Question: Has the US provided any evidence that Russia is behind the SolarWinds cyberattack? Or were the accusations unfounded? Did they provide evidence to substantiate the Afghanistan bounties?
Anatoly Antonov: No official accusations have been voiced against Russia or the citizens of our country in connection with a large-scale hacker attack on the American information infrastructure. US intelligence services claimed those responsible are cyber intruders and "probably of Russian origin". The assumptions of a number of high-ranking officials are their own point of view, but cannot be considered as evidence. The United States is continuing its "loudspeaker diplomacy" — spreading versions of events through the media, but not providing any proof. We have repeatedly offered Washington to exchange information on computer attacks and computer incidents. In particular, to transfer data through the National Coordination Centre for Computer Incidents.
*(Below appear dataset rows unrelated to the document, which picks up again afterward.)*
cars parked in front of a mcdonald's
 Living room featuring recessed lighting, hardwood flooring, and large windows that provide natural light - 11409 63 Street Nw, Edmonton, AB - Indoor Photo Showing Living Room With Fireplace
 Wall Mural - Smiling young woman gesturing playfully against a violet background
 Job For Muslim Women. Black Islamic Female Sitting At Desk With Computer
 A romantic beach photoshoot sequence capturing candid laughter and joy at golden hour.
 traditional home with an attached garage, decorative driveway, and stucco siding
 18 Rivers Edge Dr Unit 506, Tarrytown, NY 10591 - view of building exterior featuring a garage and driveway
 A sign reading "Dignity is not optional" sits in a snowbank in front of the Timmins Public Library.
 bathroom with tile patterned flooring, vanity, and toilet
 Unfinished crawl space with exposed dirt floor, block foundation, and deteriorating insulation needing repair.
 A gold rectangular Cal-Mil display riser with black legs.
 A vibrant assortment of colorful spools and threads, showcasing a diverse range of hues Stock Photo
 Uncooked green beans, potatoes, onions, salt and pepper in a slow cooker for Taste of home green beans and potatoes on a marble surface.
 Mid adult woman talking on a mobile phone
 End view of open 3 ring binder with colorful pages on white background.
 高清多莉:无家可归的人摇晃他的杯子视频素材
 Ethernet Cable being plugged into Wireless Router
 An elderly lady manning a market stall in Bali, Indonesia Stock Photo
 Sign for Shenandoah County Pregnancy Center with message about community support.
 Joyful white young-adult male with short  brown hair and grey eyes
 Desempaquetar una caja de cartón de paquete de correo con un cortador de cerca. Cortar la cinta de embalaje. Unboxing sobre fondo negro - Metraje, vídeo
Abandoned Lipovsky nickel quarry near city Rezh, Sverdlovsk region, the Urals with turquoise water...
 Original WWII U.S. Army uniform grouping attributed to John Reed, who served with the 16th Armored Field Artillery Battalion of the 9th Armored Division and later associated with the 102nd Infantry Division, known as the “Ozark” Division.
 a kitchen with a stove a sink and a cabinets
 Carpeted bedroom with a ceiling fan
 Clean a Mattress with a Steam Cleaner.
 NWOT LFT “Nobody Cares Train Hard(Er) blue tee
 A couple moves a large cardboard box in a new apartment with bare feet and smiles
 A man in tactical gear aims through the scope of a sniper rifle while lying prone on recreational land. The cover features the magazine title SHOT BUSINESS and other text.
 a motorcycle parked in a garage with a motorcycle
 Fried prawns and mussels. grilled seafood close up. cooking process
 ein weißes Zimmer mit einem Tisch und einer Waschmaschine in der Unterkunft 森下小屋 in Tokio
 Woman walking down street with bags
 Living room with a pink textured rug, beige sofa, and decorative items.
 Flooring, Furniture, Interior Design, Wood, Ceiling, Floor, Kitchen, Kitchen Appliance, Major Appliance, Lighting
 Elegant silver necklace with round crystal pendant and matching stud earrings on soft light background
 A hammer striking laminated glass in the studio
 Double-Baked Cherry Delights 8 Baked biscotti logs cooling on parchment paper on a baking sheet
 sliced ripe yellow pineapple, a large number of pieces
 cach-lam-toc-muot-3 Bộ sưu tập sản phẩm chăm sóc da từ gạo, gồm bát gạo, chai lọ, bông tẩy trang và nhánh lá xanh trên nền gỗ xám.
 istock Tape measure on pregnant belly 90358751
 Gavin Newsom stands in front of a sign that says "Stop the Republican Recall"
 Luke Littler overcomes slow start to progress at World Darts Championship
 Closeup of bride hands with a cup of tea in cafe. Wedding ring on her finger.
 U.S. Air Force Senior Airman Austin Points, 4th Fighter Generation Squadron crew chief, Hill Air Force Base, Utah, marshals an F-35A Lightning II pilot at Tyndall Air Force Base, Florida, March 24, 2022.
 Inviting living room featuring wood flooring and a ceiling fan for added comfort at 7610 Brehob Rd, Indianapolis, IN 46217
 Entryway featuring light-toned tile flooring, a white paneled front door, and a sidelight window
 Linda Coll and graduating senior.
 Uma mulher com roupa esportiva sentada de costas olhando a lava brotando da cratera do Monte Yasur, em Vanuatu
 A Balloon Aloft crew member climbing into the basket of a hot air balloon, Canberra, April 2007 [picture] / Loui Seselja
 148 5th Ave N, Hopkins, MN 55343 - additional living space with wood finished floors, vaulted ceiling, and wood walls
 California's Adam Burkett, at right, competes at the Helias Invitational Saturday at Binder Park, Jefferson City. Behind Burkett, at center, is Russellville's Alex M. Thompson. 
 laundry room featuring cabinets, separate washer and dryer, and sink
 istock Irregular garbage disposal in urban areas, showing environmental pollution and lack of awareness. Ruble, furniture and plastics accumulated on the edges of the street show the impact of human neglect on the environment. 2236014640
A statement by Russian President Vladimir Putin from 25 September 2020, proposed a comprehensive programme of measures to restore Russian-American cooperation in the field of international information security. Among other things, they include maintaining continuous and effective communication channels between the relevant agencies in our countries via the centres for the reduction of nuclear danger, computer incident rapid response task forces, and high-level officials. Claims that the Russian Federation allegedly paid monetary rewards for the killing of American servicemen remain on the consciences of the authors of the respective publications. Administration representatives at various levels have repeatedly confirmed there is no evidence of any threats to US troops in Afghanistan from Russia. Moreover, our countries have never stopped cooperating on Afghanistan. Our special envoys are in close contact. We hope that this work will continue under the new administration in the interest of peace in Afghanistan.